Makes sense, I missed that part. That is why a generic "inlining" scheme
is problematic, because that depends on how does the runner encodes the
elements on the wire. And it is where TestStream's output needs to be
encoded into raw bytes, because the wire coder is unknown the the SDK
when submitting the job.
Thanks for the clarification and for bearing with me!
Jan
On 9/7/21 7:55 PM, Robert Bradshaw wrote:
On Mon, Sep 6, 2021 at 1:29 AM Jan Lukavský <[email protected]> wrote:
It is currently the latter for runners using this code (which not all
do, e.g. the ULR and Dataflow runners). I don't think we want to
ossify this decision as part of the spec. (Note that even what's
"known" and "unknown" can change from runner to runner.)
This is interesting and unexpected for me. How do runners decide about
how they encode elements between SDK harness and the runner? How do they
inform the SDK harness about this decision? My impression was that this
is well-defined at the model level. If not, then we have the reason for
misunderstanding in this conversation. :-)

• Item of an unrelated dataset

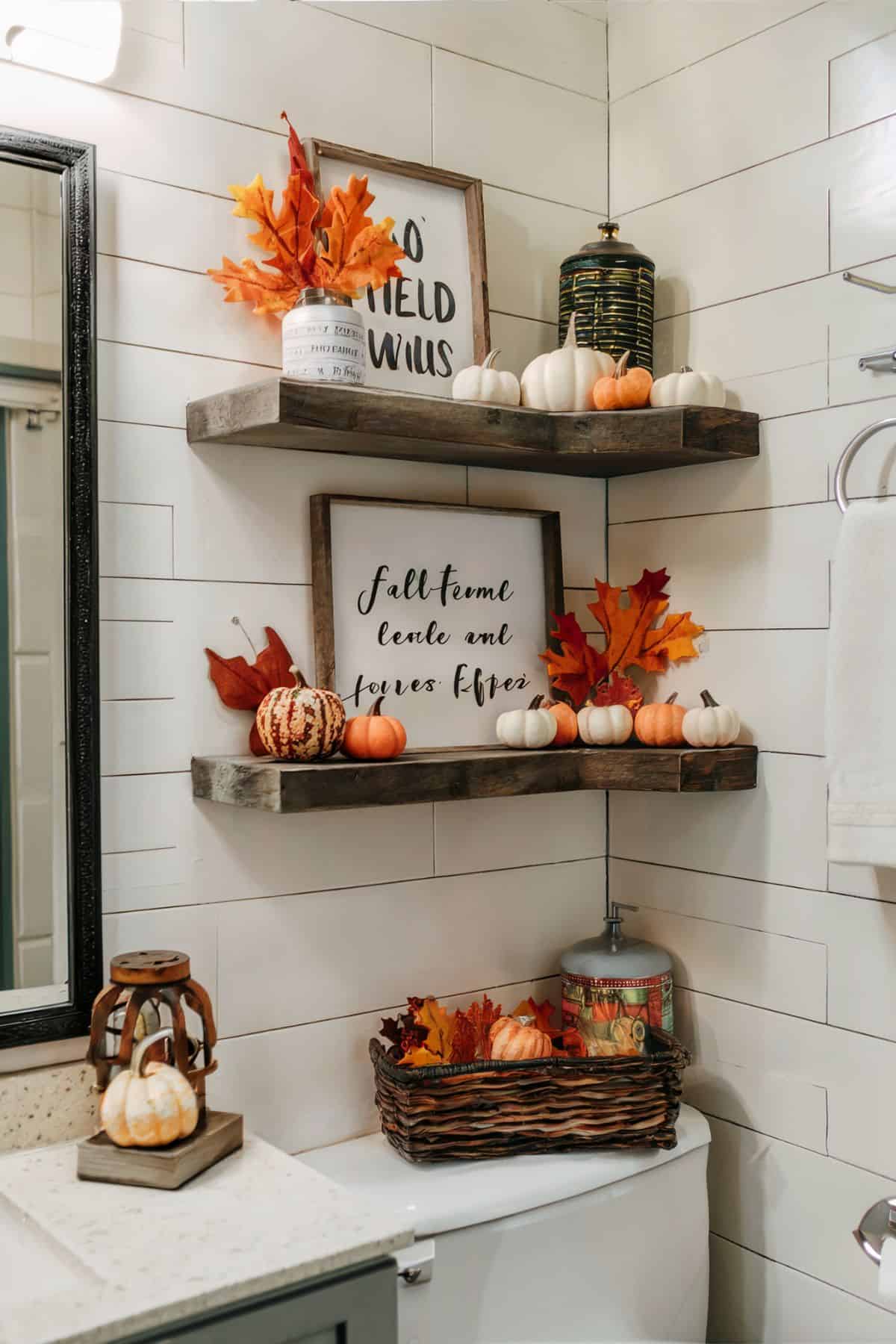 Fall Bathroom Decor Ideas19 Fall Bathroom Decor Ideas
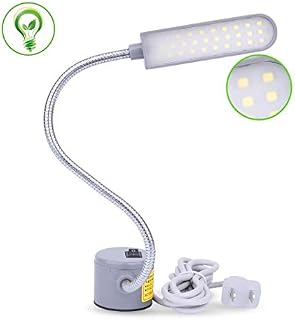 EVISWIY Sewing Machine Light LED Lighting (30LEDs) 6 Watt Multifunctional Flexible Gooseneck Arm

The coder id to use for a channel is specified by the runner on the
channel (both the input and output) operation when sending a process
bundle descriptor. They decide based on their capabilities (e.g. what
coders they understand vs. what needs wrapping) SDK capabilities (e.g.
for optimizations like param windowed value coder) and their needs
(e.g. to do a GBK, they need the key and value bytes, not just the
key-value bytes).